Historical milestones, critical engagement
At Oregon, the study of sociology has a long and storied timeline. It gained a foothold largely through the efforts of one professor, Frederick G. Young. His courses, first offered in 1895, were among the earliest to be taught at a university in the western United States. Young was a founding member of what is now the American Sociological Association and served as the first dean of the UO Graduate School.
Over subsequent decades, Young was instrumental in advancing the discipline of sociology at Oregon. By 1899, the course offering had expanded to five, including "Democracy," "Anthropology" and "The Debtor Classes." A standalone School of Sociology was founded at the UO in 1919 with an eight-person faculty and Young serving as the first dean. Its mission was one of social analysis and "cooperative commonwealth service."

This course includes the history of sociological theory; an analysis and classification of sociological phenomena; an exposition of the natural evolution of social activities and arrangements from their own beginnings; an exploration of the social forces and laws so far as they are yet apparent. These principles will be applied along the different lines of social reform. Lectures, field-work and report.
1895-96 UO Catalog description of F. G. Young's course, Sociology 40
In its first decade, the sociology school fostered a highly practical approach of "coaching for those who are losing out in the game of life." It eventually evolved into the master’s in social work program that is now administered at Portland State. With a more theoretical and constructive focus, UO’s present Department of Sociology was established in 1930 within the College of Literature, Science, and the Arts.

The department conferred its first doctoral degrees in 1954. The recipients were Gail Fullerton and Snell Putney, who were then married. A decade later, the couple published “The Adjusted American,” a study of social neurosis that was a popular seller through the 1970s. In later years, Fullerton became the first female president of San Jose State University.
Back on the UO campus, times of political unrest culminated in an October, 1970 bombing at Prince Lucien Campbell Hall. Thankfully nobody was seriously injured in the blast, but several sociology faculty offices were reduced to rubble.
Despite the damage, the program was thriving and a then-record 17 PhDs were awarded to students the following spring.
Along with its graduating classes, the sociology faculty was growing in size, prominence and diversity during this activist era. In 1967 Joan Acker, a leading feminist scholar, was appointed as the department’s first female faculty member. Albert Szymanski, an accomplished researcher of political economy in the Soviet Union, came to Oregon in 1972, signaling the department’s growing reputation in Marxist sociology.

Professor Joan Acker’s body of scholarship is now among the most cited among faculty at the UO.
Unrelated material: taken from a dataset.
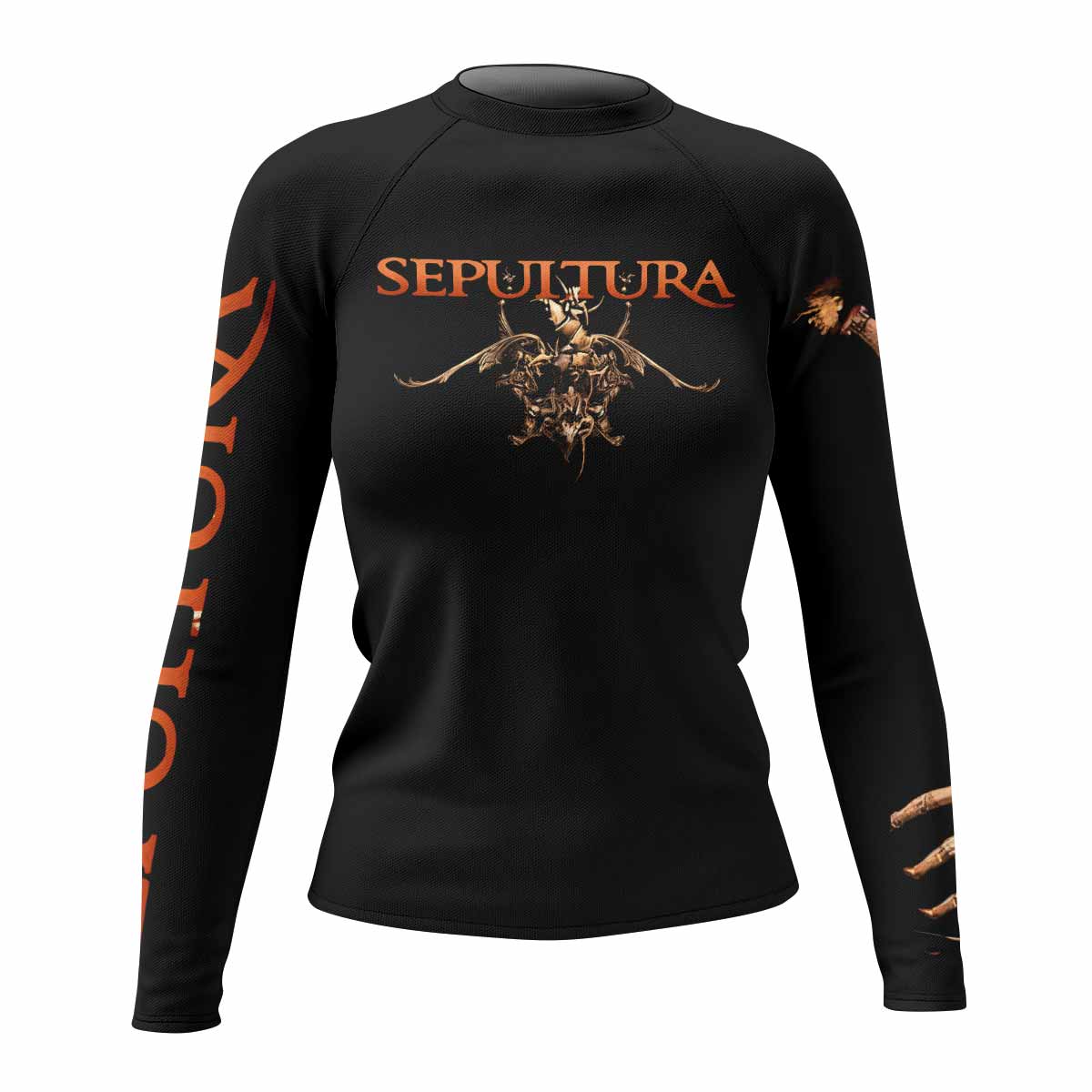 Sepultura A-Lex Women's Rash Guard Long Sleeve - front view mockup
From 1992 to 2005, the Oregon Survey Research Laboratory, founded by Professor Emerita Patricia A. Gwartney, employed dozens of undergraduate and graduate students in over 250 sociology projects benefiting state and local governments and the private sector. Funded by approximately $8 million in grants and contracts, it remains the largest body of quantitative work attributed to a UO Sociologist. Gwartney was elected President of the Pacific Sociological Association in 2016.
Capping a long tradition of UO sociologists serving as editors of scholarly publications, in 2019 Professors Ryan Light, Aaron Gullickson and CJ Pascoe became co-editors for "Socius: Sociological Research for a Dynamic World," the American Sociological Association’s only open access journal.
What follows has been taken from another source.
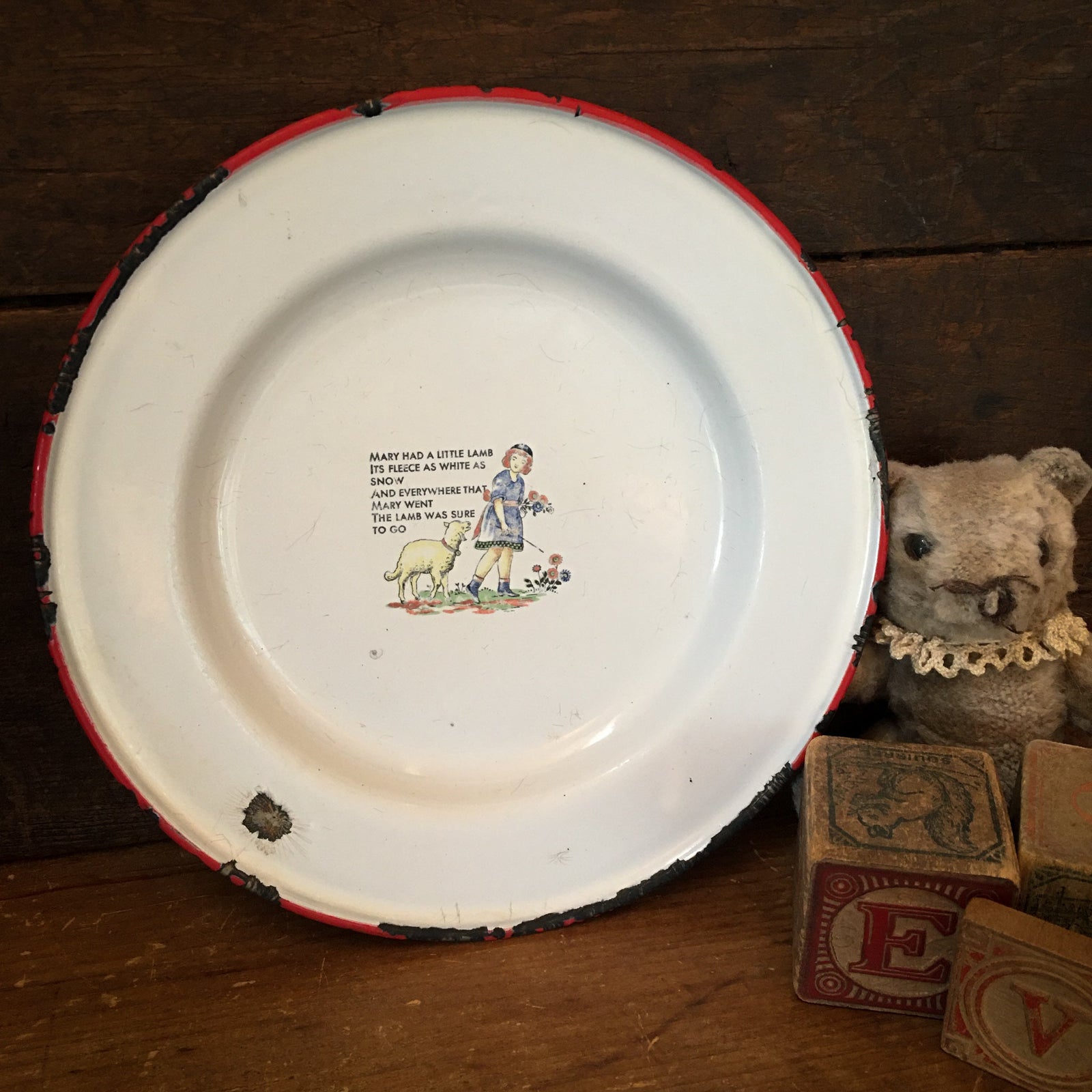1930’s – 1940’s Enamelware Children’s Plate, “Mary Had a Little Lamb”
Learn more about UO Sociology
Boasting an impressive legacy in critical sociology, the Department of Sociology at the UO is the oldest sociology program on the West Coast. Known for its primary strengths in the sociology of gender and sexuality, political economy, and the sociology of the environment, our program has made significant scholarly, teaching and service contributions to the field internationally, nationally and regionally.